Ivan Šerbetar Iva Sedlar

Assessing Reliability of a Multi-Dimensional Scale by Coefficient Alpha

Short scientific article UDK: 796.012 ABSTRACT

The purpose of the study was to assess internal consistency by calculating coefficient alpha. It presents the variation in coefficient alpha, depending on questionnaire length and the homogeneity or heterogeneity of the questionnaire. The maximum possible value for coefficient alpha was also calculated by the item elimination method.

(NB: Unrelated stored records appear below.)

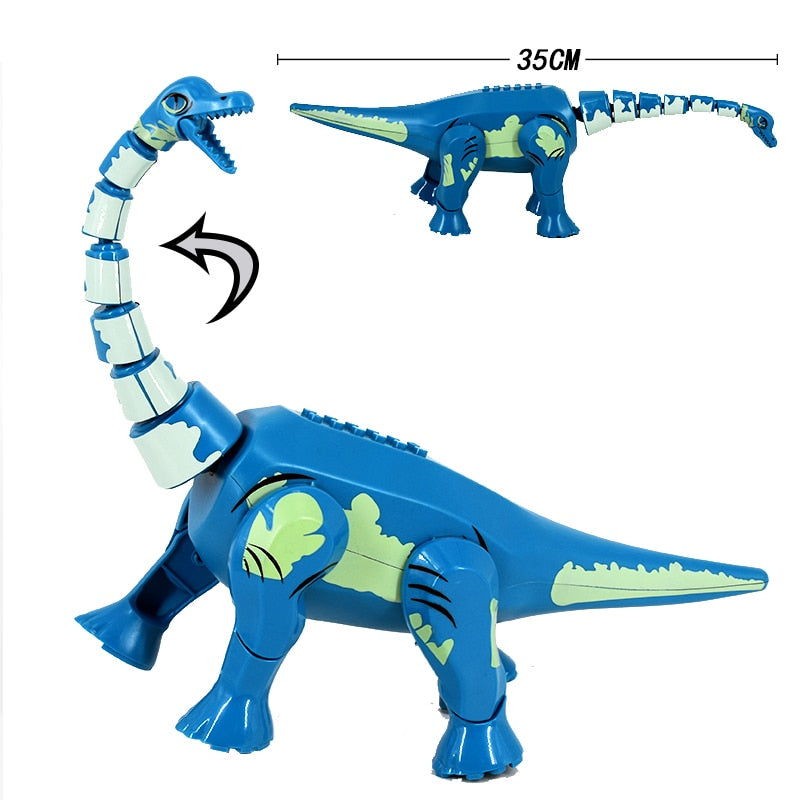 Neue Jurassic Dinosaurier Regenwald Tiere DIY Blöcke Dinosaurier Mini Modelle Bausteinziegelsteine ​​Kind Dino Spielzeug Für Kinder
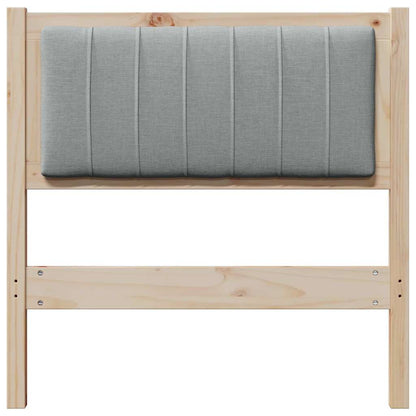 Gepolstertes Kopfteil Braun 80 cm Massives Kiefernholz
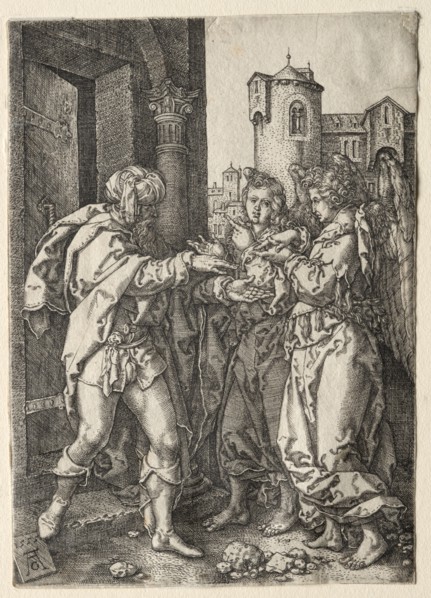 The Story of Lot, 1555. Creator: Heinrich Aldegrever (German, 1502-1555/61).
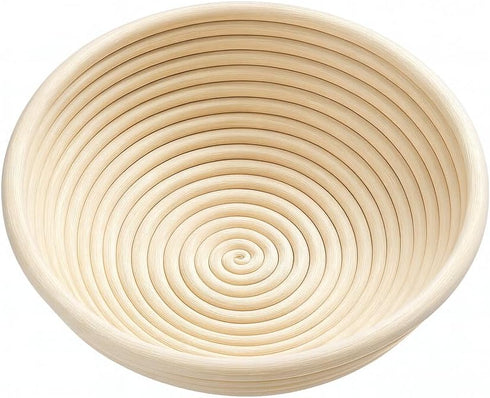 Saint Germain Bakery (9 inch) Premium Round Bread Banneton Basket with Liner - Perfect Brotform Proofing Basket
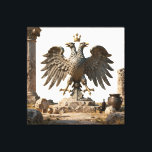 IllyrianAltarRelics-SacredEagleArtBundleIVHERSYM  キャンバスプリント<br><div class="desc">Step into the world of Ancient Illyrian Majesty. This exclusive Sacred Eagle Art Bundle (Part 1) features a double-headed eagle meticulously rendered in royal white marble with liquid gold accents. Inspired by ancient altar relics, this piece blends historical symbolism with modern Art Deco luxury. Exclusive digital art series by Ta-Bo...</div>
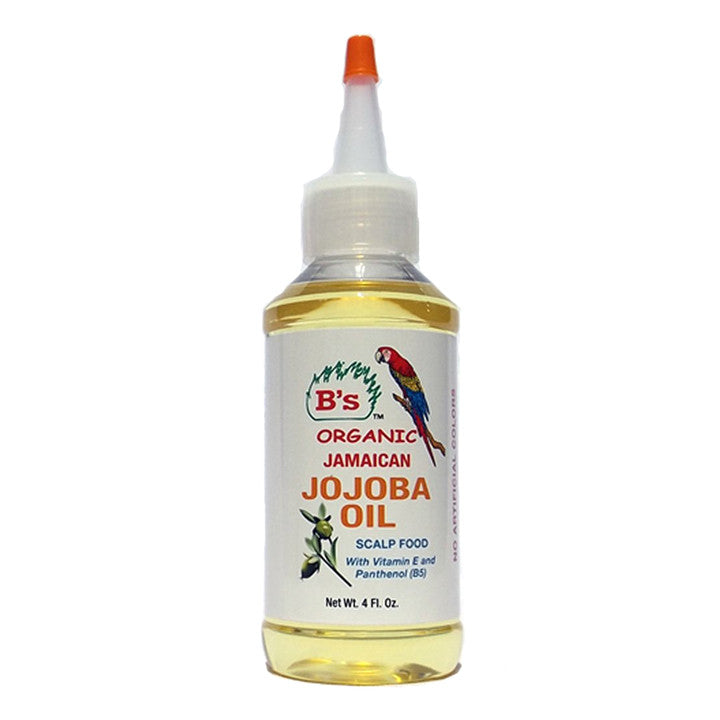 B'S ORGANIC Jamaican Jojoba Oil (4oz)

The study included 99 children aged 10. The children completed The Athletic Coping Skills Inventory – 28 (ACSI-28; Smith et al., 1995), which contains seven constructs: coping with adversity, coachability, concentration, confidence and achievement motivation, goal setting and mental preparation, peaking under pressure and freedom from worry. The results confirmed that the values of the alpha coefficient vary depending on the number and composition of items and the sample size. In terms of item structure, homogeneous constructs yielded lower values for the alpha coefficient (in a range from .48 to .61) than the questionnaire with all the constructs (alpha = .79), despite higher inter-item correlations. In terms of the number of items, the longer test generated higher alpha coefficients (alpha = .79) than the shorter test (half-sets of items = .60, .73, .69, .70).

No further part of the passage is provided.